Me es difícil no coincidir con Ramonet en que actualmente parece existir y expandirse una especie de indiferencia hacia los males y los retos de la humanidad y, lo que es peor, hacia la posibilidad de solucionarlos.
En la cultura del poder, del dinero, de los “triunfadores”, de la moda, del espectáculo y del placer banal se propaga el paradigma en el que sólo importa el individuo, así como, por mucho, quienes le queden cerca. Los otros, la colectividad, se desvanecen. Lo que ocurra en el planeta, sea en Paquistán o a la vuelta de la esquina, mientras no afecte, no interesa.
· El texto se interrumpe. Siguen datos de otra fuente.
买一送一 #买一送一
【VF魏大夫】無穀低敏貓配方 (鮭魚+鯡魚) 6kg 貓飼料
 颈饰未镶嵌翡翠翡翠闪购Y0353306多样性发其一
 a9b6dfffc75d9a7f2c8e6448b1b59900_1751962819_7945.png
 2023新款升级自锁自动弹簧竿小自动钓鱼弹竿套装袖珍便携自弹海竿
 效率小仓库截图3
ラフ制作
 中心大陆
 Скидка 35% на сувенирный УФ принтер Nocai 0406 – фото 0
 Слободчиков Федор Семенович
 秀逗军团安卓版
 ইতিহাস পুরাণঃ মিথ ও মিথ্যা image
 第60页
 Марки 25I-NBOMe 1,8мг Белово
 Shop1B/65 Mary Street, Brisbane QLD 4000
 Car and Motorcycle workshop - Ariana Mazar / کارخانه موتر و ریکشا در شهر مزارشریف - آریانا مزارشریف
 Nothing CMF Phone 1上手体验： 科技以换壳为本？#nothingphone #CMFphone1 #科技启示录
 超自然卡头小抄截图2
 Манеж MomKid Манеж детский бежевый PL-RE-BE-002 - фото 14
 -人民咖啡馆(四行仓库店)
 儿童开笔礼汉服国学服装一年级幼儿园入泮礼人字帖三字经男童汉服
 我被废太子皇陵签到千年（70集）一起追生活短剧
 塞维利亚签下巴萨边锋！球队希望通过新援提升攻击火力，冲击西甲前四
Como muchas otras personas, no obstante, considero que es posible cambiar ese estado de cosas. Creo que podemos salir de la enajenación, de la inconciencia, reflexionar, demandar, construir. Y siempre he pensado que los verdaderos cambios deben comenzar por uno mismo, pero para que éstos trasciendan no deben permanecer aislados como esfuerzos unipersonales, sino sustentarse en la suma de voluntades, es decir, en el trabajo en equipo.
Regreso al principio: me gusta la soledad, sostengo que a veces es necesaria, mas no pretendo vivir apartado del mundo, ignorando lo que sucede en él. Defiendo, también, la libertad individual, pero igualmente soy partidario de un lazo social caracterizado por la diversidad, el respeto, el diálogo, el compromiso, la cooperación y la responsabilidad.
“‘Atrévete a andar por caminos que nadie ha recorrido, atrévete a pensar ideas que nadie ha pensado’, podía leerse en los muros del teatro del Odeón en el París de mayo de 1968 —escribe Ramonet—. Si queremos fundar una ética para el siglo XXI, la situación actual invita a semejantes atrevimientos”. Reinterpreto la frase a la luz del presente texto: si queremos, en plural, hacer de éste un mundo mejor en cualquier sentido y en cualquier nivel —en la familia, la escuela, el trabajo, la pareja o la sociedad global—, tenemos que actuar juntos. Así, en plural.